• ASSIGNMENT:
The line containing "The Souled Store" and every line after it, through the end of the material: copy these exactly and nothing else, leaving pictures out.

• EXERCISE MATERIAL:
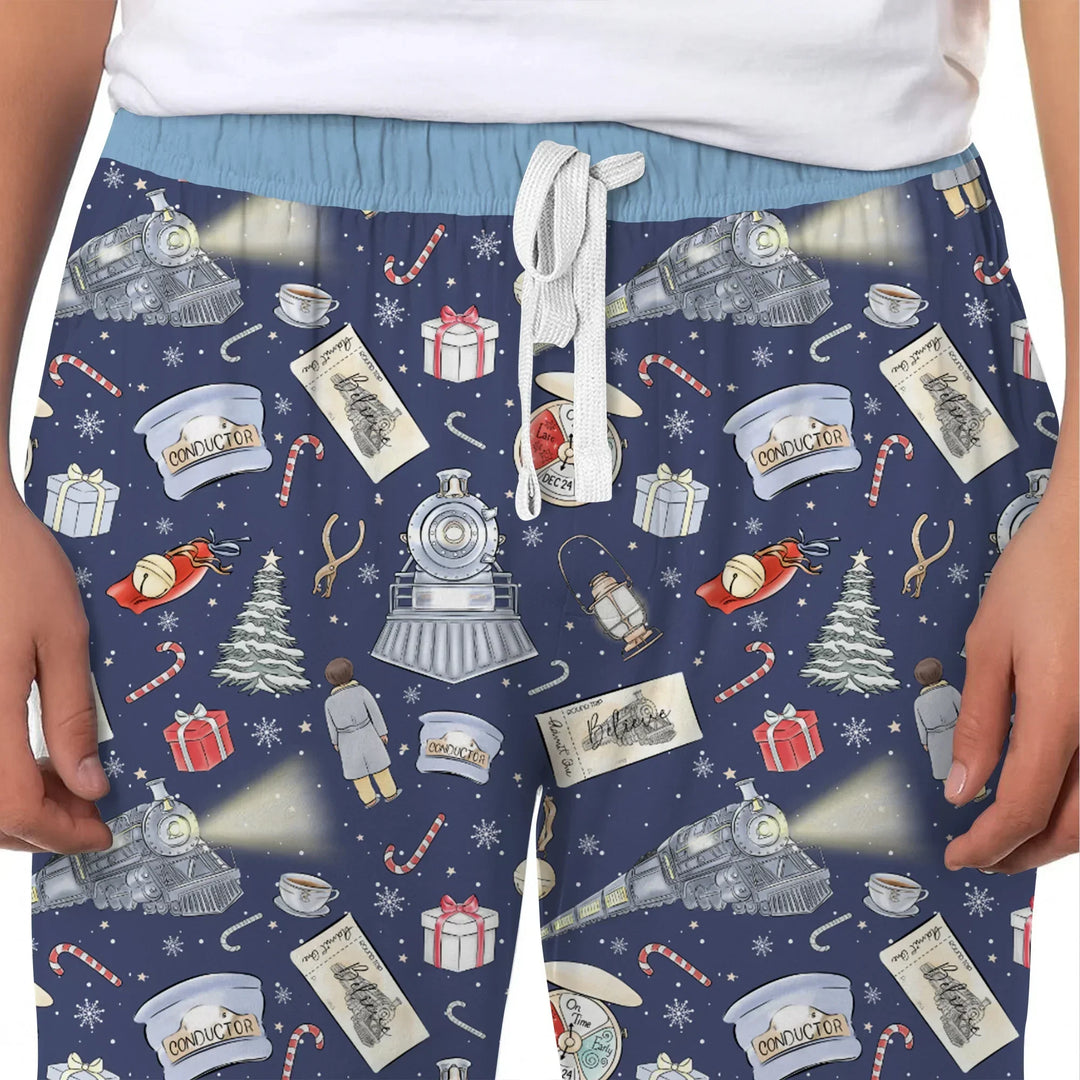 Christmas Train Bamboo Men's Pajama Set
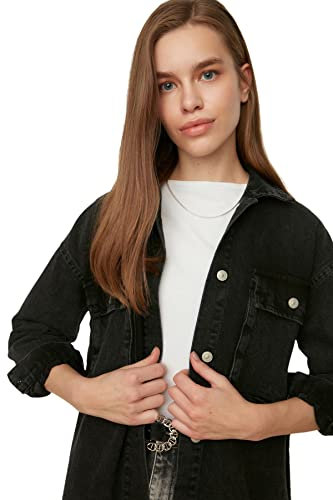 Trendyol Women's Tasche detaillierte Denimjacke, Black, 36
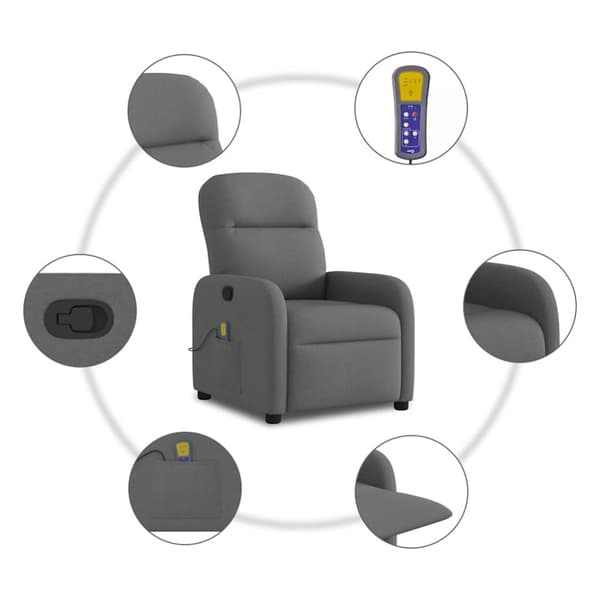 Massagefåtölj mörkgrå tyg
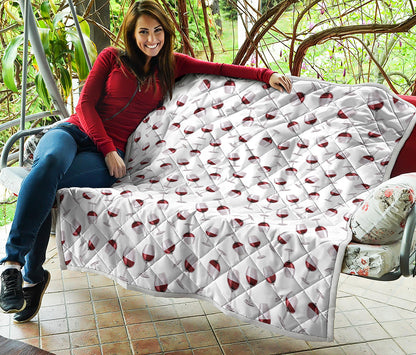 Glasses Of Wine Pattern Print Quilt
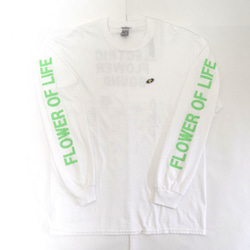 長袖Tシャツ「花音符イラスト」（レコードワッペン）　ホワイト　XLサイズ　WATERFALLオリジナル　コラボ品 1枚目の画像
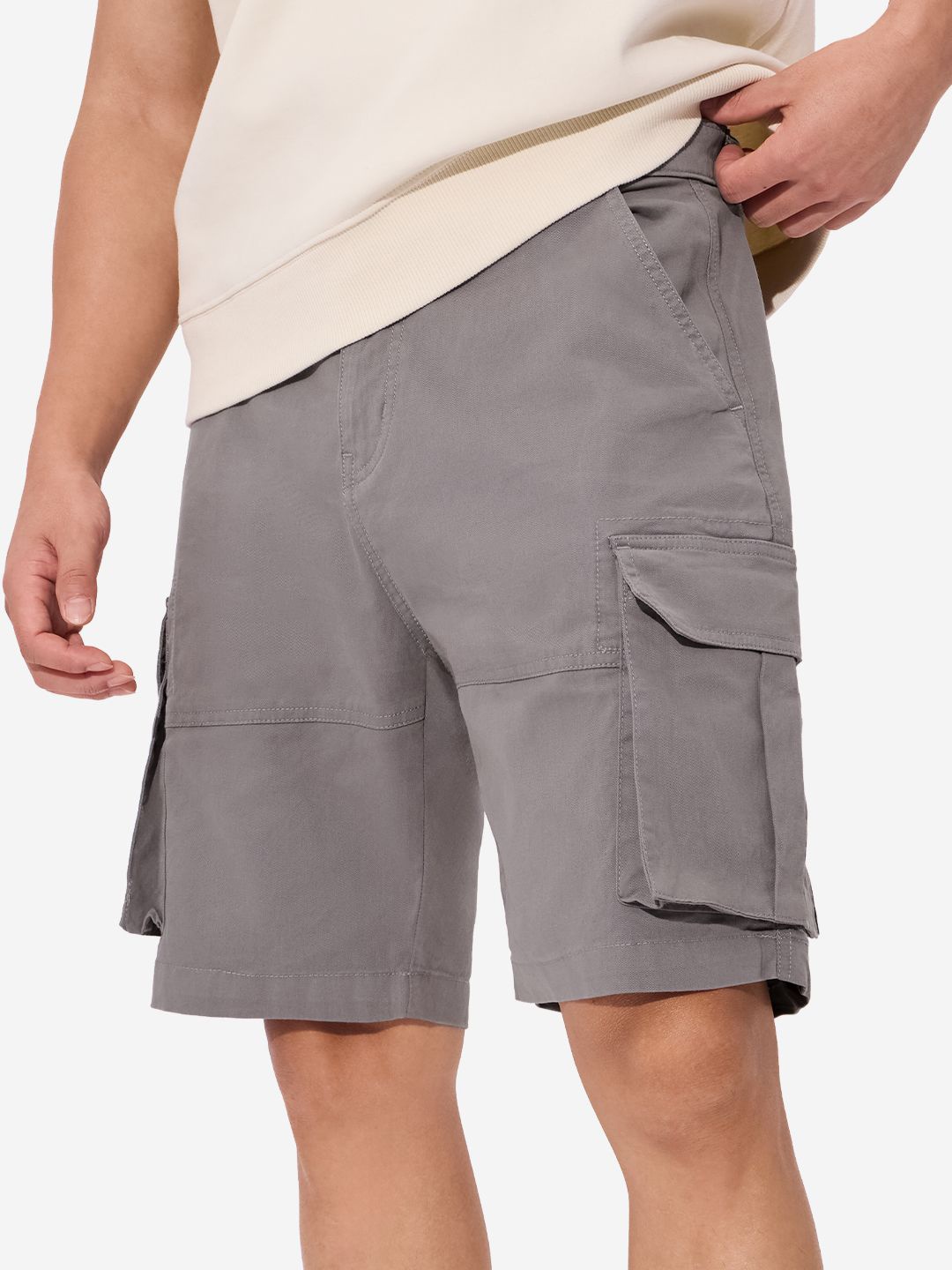 

The Souled Store Men Mid-Rise Cargo Shorts, Grey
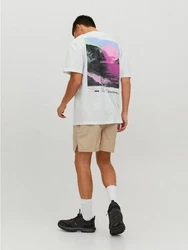 Jack & Jones T-Shirt JCODIGIT Grafik Design Weiß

• YOUR SOLUTION:
The Souled Store Men Mid-Rise Cargo Shorts, Grey
 Jack & Jones T-Shirt JCODIGIT Grafik Design Weiß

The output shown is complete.